What you should do: Which lines run from the one containing "Stalen halsketting met subtiel kruisje." to the end of the entries? Quote them exactly, and nothing else.

** Data under study follows **

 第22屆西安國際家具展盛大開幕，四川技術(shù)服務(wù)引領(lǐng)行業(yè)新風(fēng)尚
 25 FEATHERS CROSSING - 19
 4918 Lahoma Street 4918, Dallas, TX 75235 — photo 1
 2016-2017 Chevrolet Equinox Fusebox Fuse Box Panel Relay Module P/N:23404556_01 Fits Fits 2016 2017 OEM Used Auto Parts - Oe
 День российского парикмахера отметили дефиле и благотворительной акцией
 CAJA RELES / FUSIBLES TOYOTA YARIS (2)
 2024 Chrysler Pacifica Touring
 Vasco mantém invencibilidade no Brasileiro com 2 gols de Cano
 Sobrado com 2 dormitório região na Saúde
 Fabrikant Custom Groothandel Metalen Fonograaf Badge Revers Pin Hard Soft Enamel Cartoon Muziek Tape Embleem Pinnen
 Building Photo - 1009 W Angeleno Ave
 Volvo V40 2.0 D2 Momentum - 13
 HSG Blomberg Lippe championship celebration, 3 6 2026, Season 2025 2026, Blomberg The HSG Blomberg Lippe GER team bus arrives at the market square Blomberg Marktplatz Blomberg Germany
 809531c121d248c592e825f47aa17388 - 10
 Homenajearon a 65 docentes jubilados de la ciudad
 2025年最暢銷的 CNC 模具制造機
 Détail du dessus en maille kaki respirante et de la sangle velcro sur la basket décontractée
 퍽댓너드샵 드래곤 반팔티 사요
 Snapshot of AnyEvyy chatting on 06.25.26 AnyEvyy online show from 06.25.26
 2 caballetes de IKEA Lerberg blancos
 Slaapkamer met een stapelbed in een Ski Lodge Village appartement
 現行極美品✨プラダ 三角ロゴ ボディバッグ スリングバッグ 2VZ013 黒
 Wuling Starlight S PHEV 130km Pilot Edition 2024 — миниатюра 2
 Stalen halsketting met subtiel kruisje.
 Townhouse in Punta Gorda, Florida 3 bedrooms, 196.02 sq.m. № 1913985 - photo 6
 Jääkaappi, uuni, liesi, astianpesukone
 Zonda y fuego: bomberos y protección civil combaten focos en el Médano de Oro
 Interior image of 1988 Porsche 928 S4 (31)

** End of Data under study **

Your response:
 Stalen halsketting met subtiel kruisje.
 Townhouse in Punta Gorda, Florida 3 bedrooms, 196.02 sq.m. № 1913985 - photo 6
 Jääkaappi, uuni, liesi, astianpesukone
 Zonda y fuego: bomberos y protección civil combaten focos en el Médano de Oro
 Interior image of 1988 Porsche 928 S4 (31)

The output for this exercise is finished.